Berschl: Es geht um unsere zentrale Forderung, dass das Ziel eingehalten wird, dass sich das globale Klima nicht um mehr als 1,5 Grad bis 2050 erwärmt. Solange das nicht passiert, werden wir weiterstreiken. Wir können keine konkrete Zeitspanne nennen, denn die CO²-Emmissionskurve steigt immer noch. «
Zur Sache
Ida Berschl aus St. Florian am Inn erhielt für ihr „Fridays for Future“-Engagement eine „Anerkennung“ im Rahmen des Solidaritätspreises der KirchenZeitung. Stellvertretend für die überparteiliche Bewegung würdigten die Jurymitglieder die Schülerin und damit das Engagement Tausender Jugendlicher, die in Oberösterreich, Österreich und weltweit für ein Umdenken in der Klimapolitik auf die Straße gehen. Im Rahmen der Preisverleihung am 14. Mai übergaben Ida Berschl und ihre Mitstreiter/innen Landeshauptmann Thomas Stelzer zum wiederholten Mal eine Resolution.

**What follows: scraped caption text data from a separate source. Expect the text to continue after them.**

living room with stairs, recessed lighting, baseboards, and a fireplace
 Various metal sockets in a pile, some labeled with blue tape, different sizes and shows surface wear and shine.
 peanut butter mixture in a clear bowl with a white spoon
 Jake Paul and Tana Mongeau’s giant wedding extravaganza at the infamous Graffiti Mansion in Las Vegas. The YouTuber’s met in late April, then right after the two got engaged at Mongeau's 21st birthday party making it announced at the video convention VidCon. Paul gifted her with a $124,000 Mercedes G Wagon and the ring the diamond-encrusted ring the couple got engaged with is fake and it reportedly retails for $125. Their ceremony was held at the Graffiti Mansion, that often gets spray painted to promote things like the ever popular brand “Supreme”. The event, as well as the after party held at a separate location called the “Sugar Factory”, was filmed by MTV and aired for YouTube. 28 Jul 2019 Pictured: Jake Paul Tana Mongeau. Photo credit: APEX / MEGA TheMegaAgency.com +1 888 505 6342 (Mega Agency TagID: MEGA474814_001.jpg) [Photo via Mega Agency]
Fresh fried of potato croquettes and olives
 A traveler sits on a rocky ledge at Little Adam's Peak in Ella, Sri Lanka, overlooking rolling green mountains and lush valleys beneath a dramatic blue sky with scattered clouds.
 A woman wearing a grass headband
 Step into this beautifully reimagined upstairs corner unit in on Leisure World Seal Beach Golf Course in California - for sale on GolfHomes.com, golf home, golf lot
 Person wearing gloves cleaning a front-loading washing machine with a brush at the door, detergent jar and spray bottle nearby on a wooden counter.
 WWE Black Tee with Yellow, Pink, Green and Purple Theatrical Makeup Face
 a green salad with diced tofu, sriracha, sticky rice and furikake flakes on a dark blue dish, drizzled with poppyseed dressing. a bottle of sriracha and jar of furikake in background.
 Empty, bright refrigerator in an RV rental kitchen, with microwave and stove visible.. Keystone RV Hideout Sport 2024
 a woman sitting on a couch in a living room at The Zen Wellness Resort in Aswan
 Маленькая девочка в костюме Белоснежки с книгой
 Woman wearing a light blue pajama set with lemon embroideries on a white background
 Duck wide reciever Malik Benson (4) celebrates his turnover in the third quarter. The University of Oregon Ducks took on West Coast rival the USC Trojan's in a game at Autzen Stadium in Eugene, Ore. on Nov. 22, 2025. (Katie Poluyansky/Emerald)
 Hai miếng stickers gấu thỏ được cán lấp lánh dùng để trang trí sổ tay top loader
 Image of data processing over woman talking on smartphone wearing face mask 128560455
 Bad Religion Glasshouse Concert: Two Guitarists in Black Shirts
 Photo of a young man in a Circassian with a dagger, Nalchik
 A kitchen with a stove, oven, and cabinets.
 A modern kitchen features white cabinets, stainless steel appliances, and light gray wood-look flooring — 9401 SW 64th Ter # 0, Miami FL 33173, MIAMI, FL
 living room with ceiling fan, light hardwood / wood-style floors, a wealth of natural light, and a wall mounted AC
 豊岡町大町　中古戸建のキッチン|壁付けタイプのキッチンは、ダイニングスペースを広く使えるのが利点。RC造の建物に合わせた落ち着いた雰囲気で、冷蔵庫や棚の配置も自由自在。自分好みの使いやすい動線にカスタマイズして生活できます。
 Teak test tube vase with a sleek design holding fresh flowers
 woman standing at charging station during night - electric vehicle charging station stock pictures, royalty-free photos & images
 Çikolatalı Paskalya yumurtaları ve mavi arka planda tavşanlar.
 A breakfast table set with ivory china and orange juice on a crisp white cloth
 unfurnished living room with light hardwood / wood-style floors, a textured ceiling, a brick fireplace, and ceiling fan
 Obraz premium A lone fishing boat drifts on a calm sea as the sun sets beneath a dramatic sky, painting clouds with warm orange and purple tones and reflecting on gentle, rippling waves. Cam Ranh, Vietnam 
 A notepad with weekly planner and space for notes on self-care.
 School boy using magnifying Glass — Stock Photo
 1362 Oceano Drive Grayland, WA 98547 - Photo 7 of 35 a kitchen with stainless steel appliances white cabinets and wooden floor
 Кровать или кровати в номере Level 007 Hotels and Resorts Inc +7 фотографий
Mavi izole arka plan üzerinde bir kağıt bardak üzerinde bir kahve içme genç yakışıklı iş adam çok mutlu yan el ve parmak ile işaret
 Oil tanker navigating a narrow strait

Zentrale Forderung: Der Oberösterreichische Landtag soll den Klimanotstand erklären und damit beschließen, die Eindämmung der Klimakrise und deren schwerwiegende Folgen als Aufgabe von höchster Priorität wahrzunehmen. Außerdem fordern die Klimaaktivistinnen und -aktivisten, dass der Landtag alle bestehenden und neuen Gesetze, Verordnungen bzw. Aktivitäten der Landesregierung auf die Auswirkungen auf das Klima sowie die ökologische, soziale und ökonomische Nachhaltigkeit hin überprüfen soll.
Anlässlich der Europawahl werden am 24. Mai 2019 über die Grenzen Europas hinaus junge Menschen auf die Straße gehen, um auf die Bedeutung der Europawahl für das globale Klima aufmerksam zu machen. Auch in Linz findet dazu eine große Kundgebung statt, die um 11.55 Uhr auf dem Hauptplatz startet.